Ian Bogost wants very much to distinguish between the elements which comprise a narrative approach to media analysis, and his own, premised on Alain Badiou’s “count as one,” which grapples with the paradoxical notion of an infinite set (or even more paradoxically, multiple infinite sets). I’m a set theory layman, but it seems to me that by definition a single infinite “set” would have to preclude the occurrence of multiples, i.e. infinity by definition confounds addition or compounding or even presentation in multiple, must less singular, instances. (Further reading suggests that set theory applies an “accepted” meaning of infinite…call it “practically infinite”). I’m still confused.
Setting that aside, I think I’m seeing at least a cursory similarity between the distinction of “units” as referential and theorist Stanley Fish’s notion of “interpretive communities.” The former notion (according to University of Cairo metaphysician Graham Harman) suggests that objects (you, me, the world around us) are inherently referential and, as such, extend beyond their own limits; the latter theory extends individual, experiential, and also referential interpretations to the social communal experience, arguably itself a unit-plus-n extension.
But about any of this it can be difficult to see precisely what Bogost is after. He begins by admonishing jargon, then proceeds to employ quite a bit of it as he attempts to explicate the theoretical and historical underpinnings of what separates his notion of “units” operating discretely but interconnectedly. As I’m reading, I keep asking myself “How isn’t this just another deconstructive iteration redrawn for an informatics-based audience?” Maybe that’s what it’s meant to be.
Another area of inquiry that seems a bit foggy: Feedback loops in organism behavior, so for instance frog tongues as operating in relation to insects…stimulus, response, unit relation. Also, a frog’s neural system can act collectively as a “predator” set in relation to sets of insect “prey,” making that relationship unit operational as well. But how does that hash out on an observational matrix? How do you identify the behavioral taxonomy? Or do you? Doesn’t the observational matrix present a return-to-systems problem?
And what about “apprehending” itself, the very act gripped by a kind of transitory structuralism? It’s impossible to think unitarily in the strictest sense of discretely. Our conscious sense of ourselves and our reality is organizational. Consciousness is premised on systemic thinking, real-time bio-electric activity that enables moment-to-moment perception lattices, allowing us to apperceptively sort reality according to our recursively manufactured frameworks. Illusory or tangible, I think structuralism or at least structural projection underpins basic human self-awareness. Structures may collapse at analytic event horizons, but consciousness is premised on the assumption that structures exist. I’m not sure you can get outside that. It’s another “think without language” paradox.

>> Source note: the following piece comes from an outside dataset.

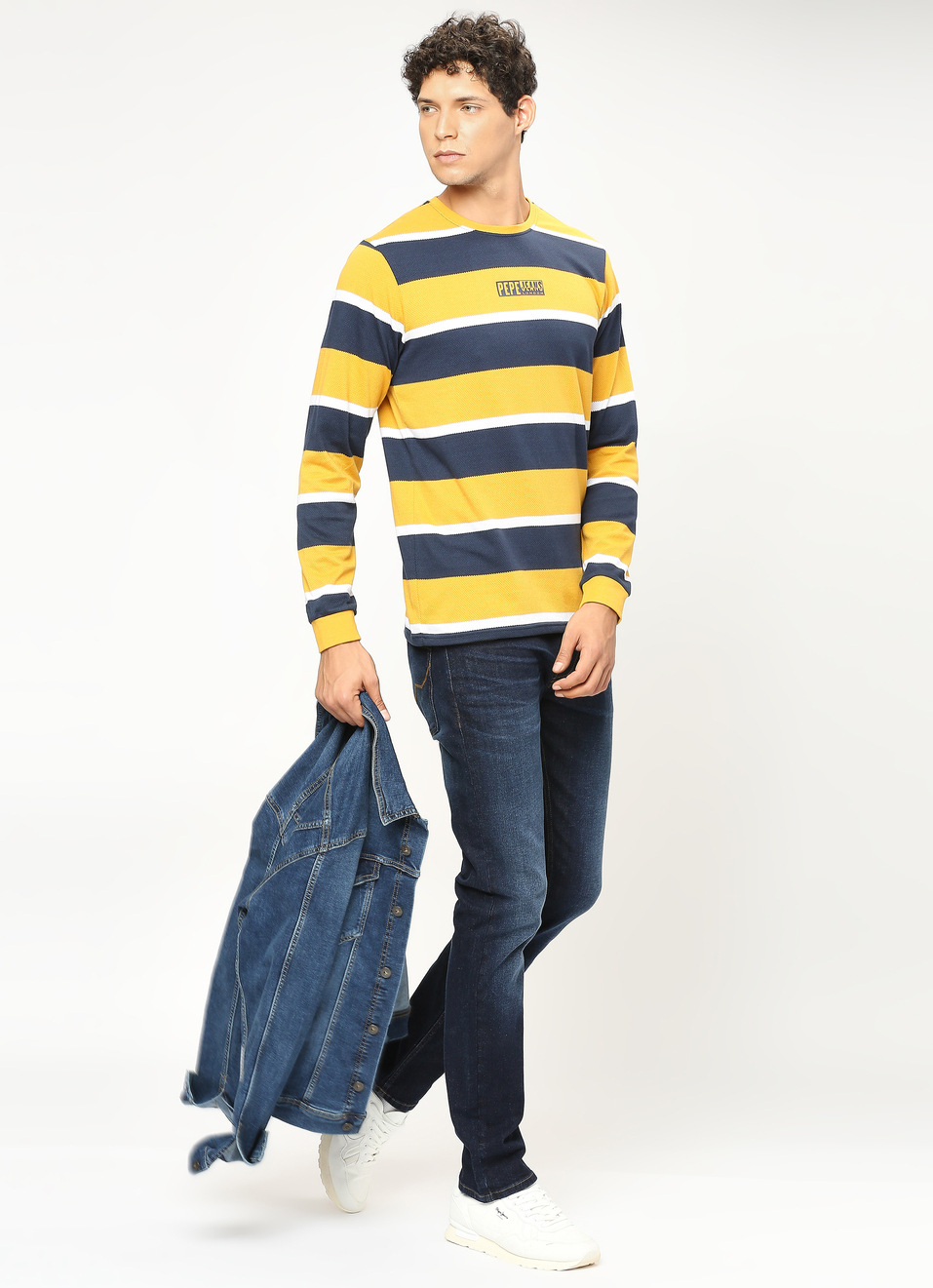 Yellow Striped Full Slevee T-shirt, , large image number 6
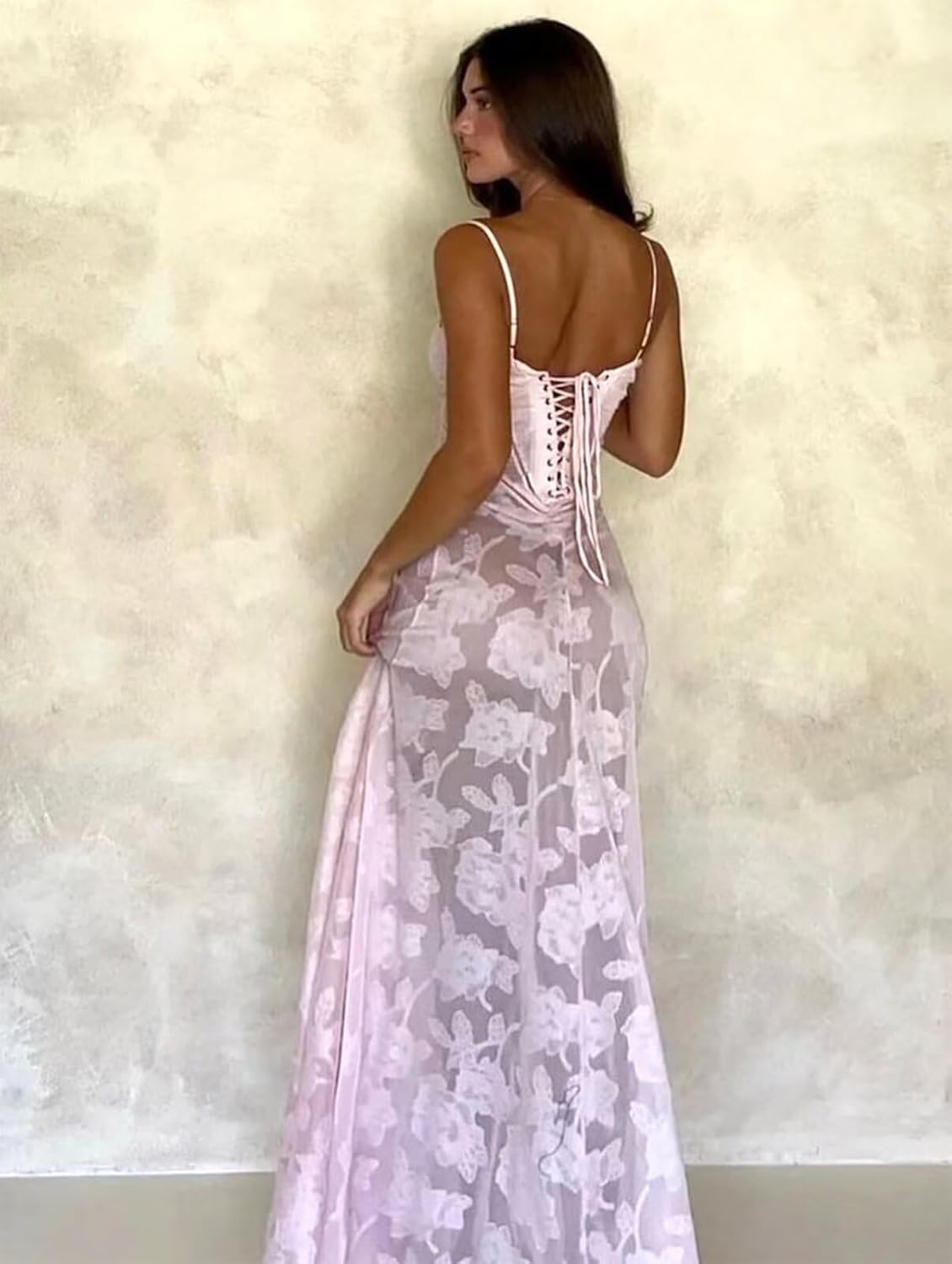 Mollyevers Floral Jacquard Bridesmaid Dresses for Women Long Spaghetti Strap Formal Wedding Guest Dress - Image 2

Another area I’m muddy about: digital thinking. In my experience, digital has always meant fixed, rigid, fundamentally systemic. As Bogost employs the term, he seems to mean it as binary, as sive (from Spinoza’s expression “Deus sive Natura“), as unfixed and disconnected. I think the analogy risks confusing the more common “digital” vs. “analog” debate, i.e. on/off vs. continuously variable and liable to change. Or perhaps the point is an inverse of that debate: unit operations as digital in the sense that digital becomes a functional collection of discrete units employed in the creation of systems, but nonetheless merely an approximation of the ungraspable, analog infinite.